The United States Department of Justice (DOJ) says a man who founded a home for impoverished children in Haiti, is scheduled to be sentenced on May 5 and faces a maximum penalty of 30 years in prison on each of the seven total counts of sexually abusing boys at the facility.
“This case was brought as part of Project Safe Childhood, a nationwide initiative to combat the epidemic of child sexual exploitation and abuse launched in May 2006 by the Department of Justice,” the DOJ said.
It said that a federal jury in Miami has convicted Michael Karl Geilenfeld, 73, from Colorado for sexually abusing numerous boys at the orphanage he founded and directed in Haiti.
The DOJ said that based on court documents and evidence presented at trial, Geilenfeld founded St.

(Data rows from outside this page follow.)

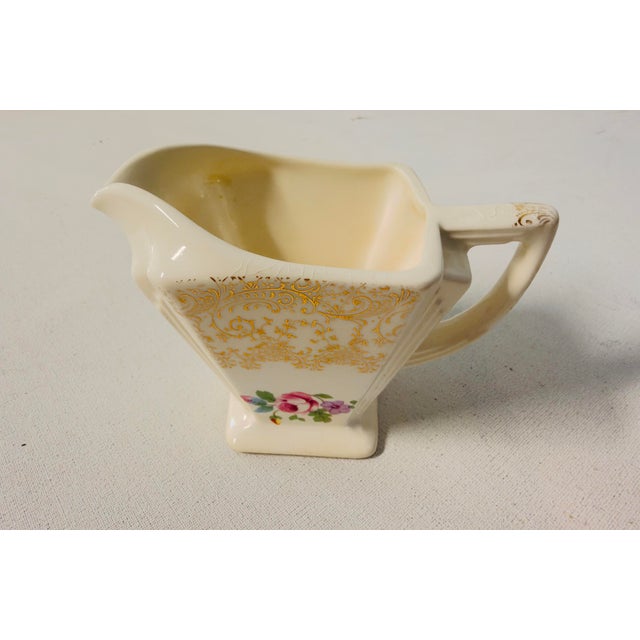 Art Deco Vintage Floral Art Deco Creamer For Sale - Image 3 of 4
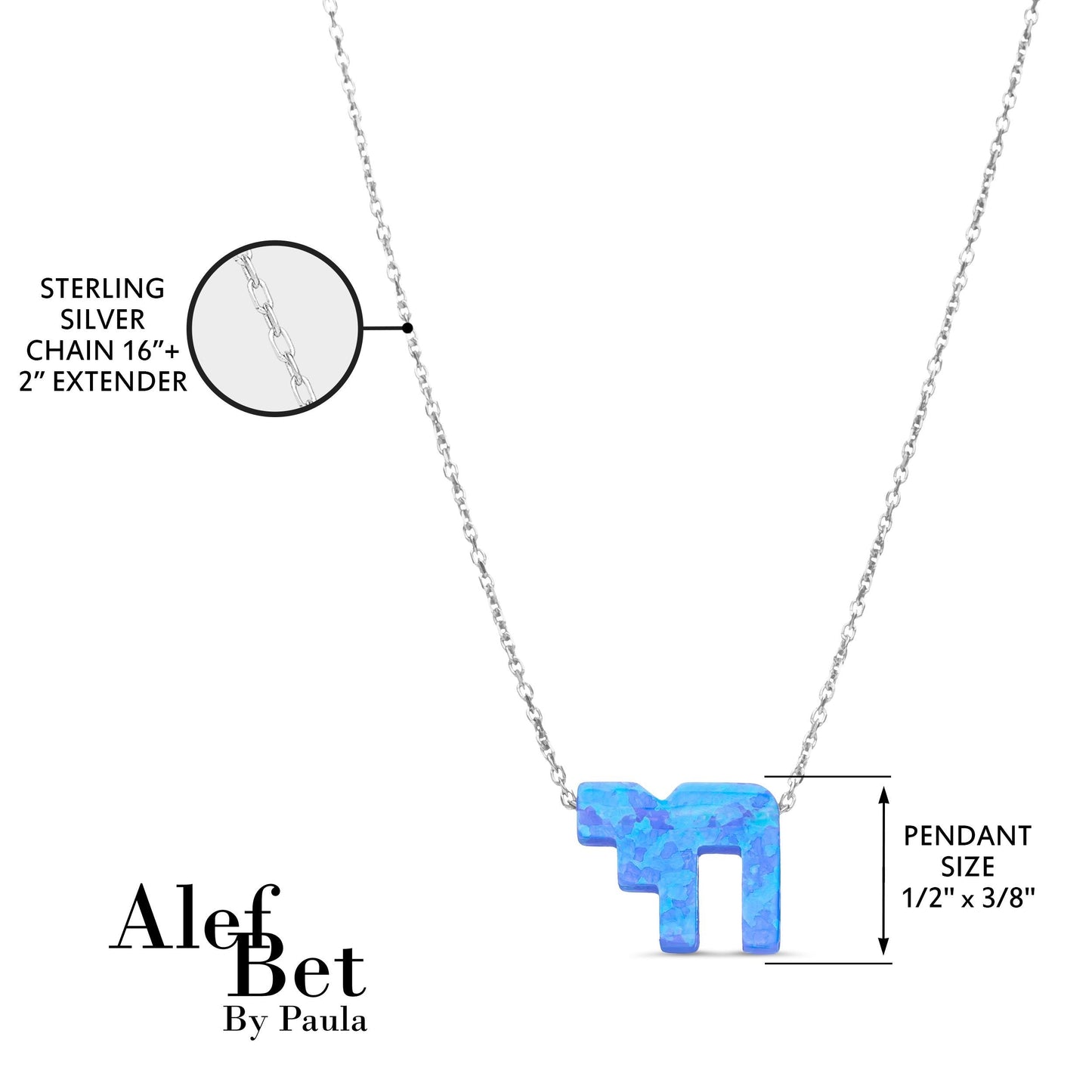 Blaue Opal-Chai-Halskette an Silberkette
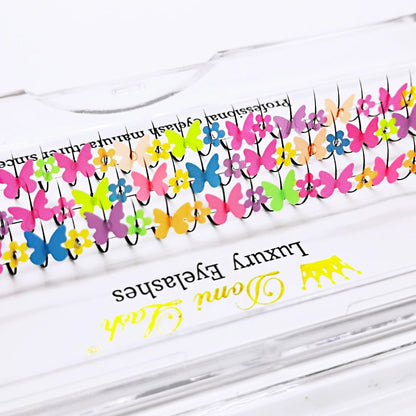 Whimsical Butterfly Glitter Lashes 🦋✨ - Colorful & Fluorescent Individual Extensions for Magical Makeup! 🌈💖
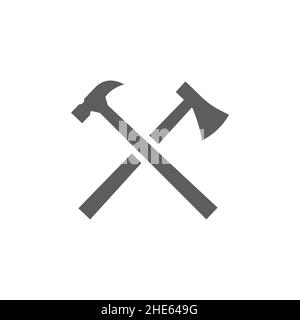 ax Hammer Kreuz Logo Design Vektor isoliert auf weißem Hintergrund. Stock Vektor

Joseph’s Home for Boys, a home for orphaned, impoverished, and otherwise vulnerable children in Haiti, in 1985 and operated it for more than two decades.
“Geilenfeld repeatedly traveled from the United States to Haiti, where he sexually abused the boys entrusted to his care,” the DOJ said.”
The DOJ said the jury last Thursday convicted Geilenfeld of one count of traveling in foreign commerce for the purpose of engaging in illicit sexual conduct and six counts of engaging in illicit sexual conduct in a foreign place, between 2005 and 2010.
Each of the six counts of engaging in illicit sexual conduct in a foreign place relates to a particular victim who was a child at the time of the offense.
The DOJ said each of the six victims testified about the sexual abuse they suffered at the hands of Geilenfeld, as did four other victims who were not the subject of the charged offenses.